_Task instructions_
Once the images are set aside, print the remaining lines below exactly.

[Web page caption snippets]

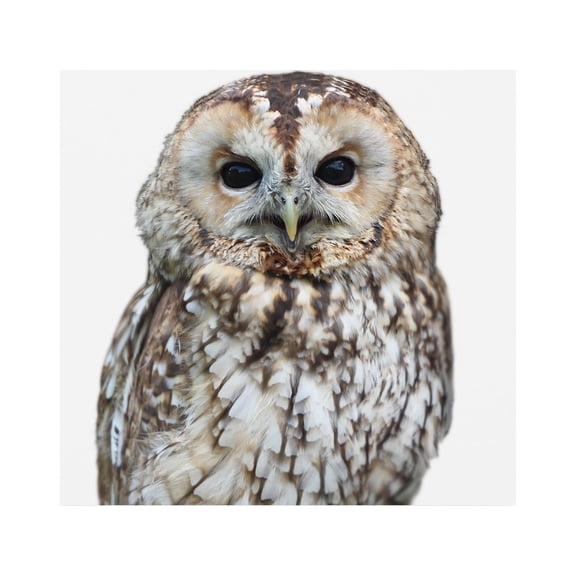 Trademark Fine Art 'Owl Portrait' Canvas Art by Lexie Gree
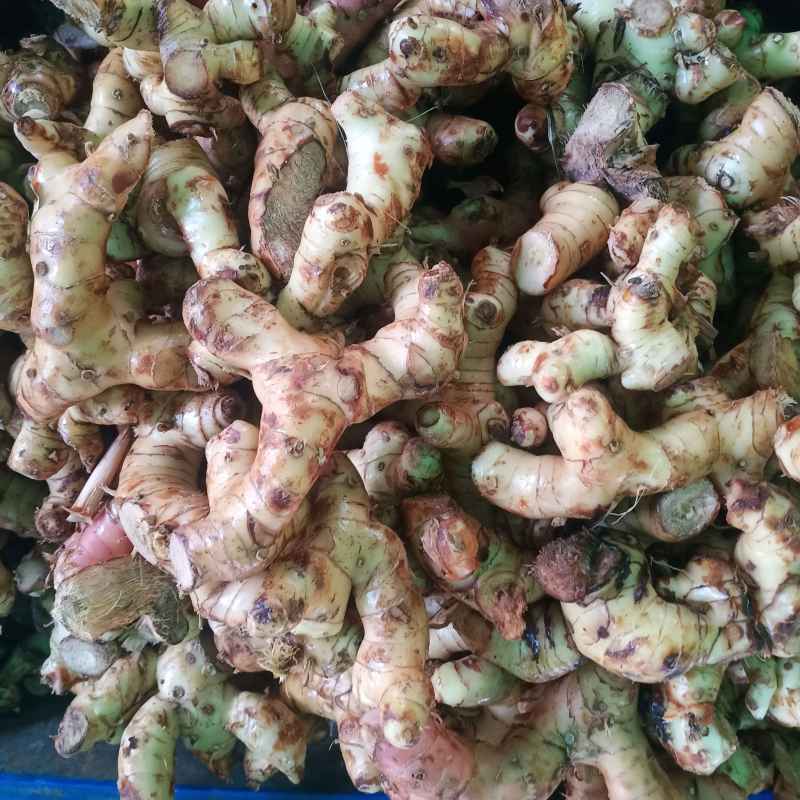 

LENGKUAS FRESH - LAOS SEGAR KUALITAS SUPER - KEMASAN 1kg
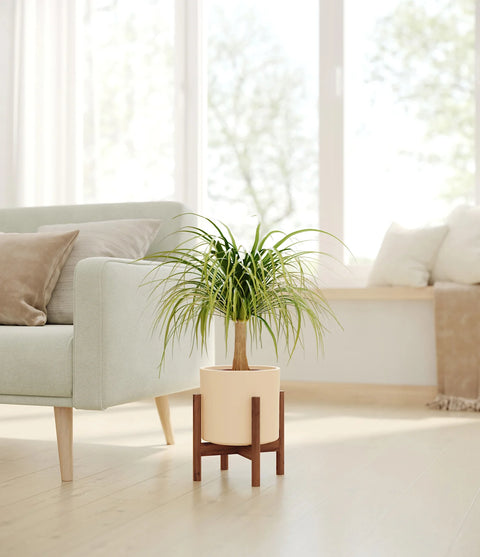 Nolina Palm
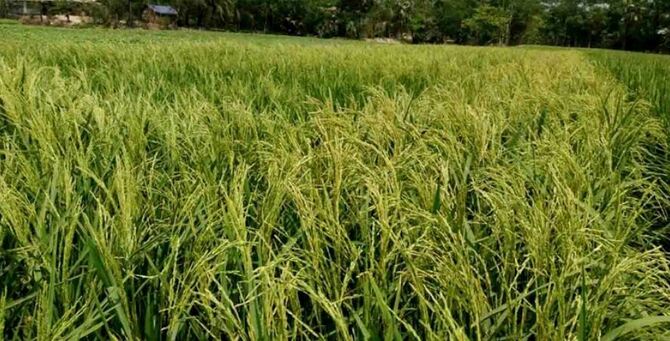 চিটায় পরিণত হয়েছে কৃষকের স্বপ্নের ধান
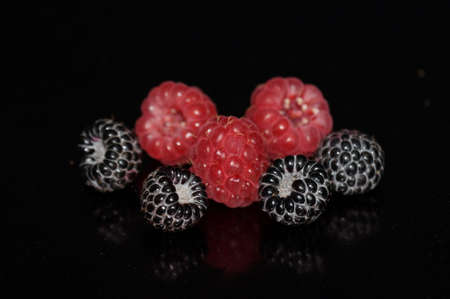 Red and black raspberries isolated on a black background.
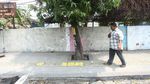 Pohon-pohon di Trotoar Kramat Bakal Senasib dengan yang di Cikini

_Problem solution_
 Trademark Fine Art 'Owl Portrait' Canvas Art by Lexie Gree

LENGKUAS FRESH - LAOS SEGAR KUALITAS SUPER - KEMASAN 1kg
 Nolina Palm
 চিটায় পরিণত হয়েছে কৃষকের স্বপ্নের ধান
 Red and black raspberries isolated on a black background.
 Pohon-pohon di Trotoar Kramat Bakal Senasib dengan yang di Cikini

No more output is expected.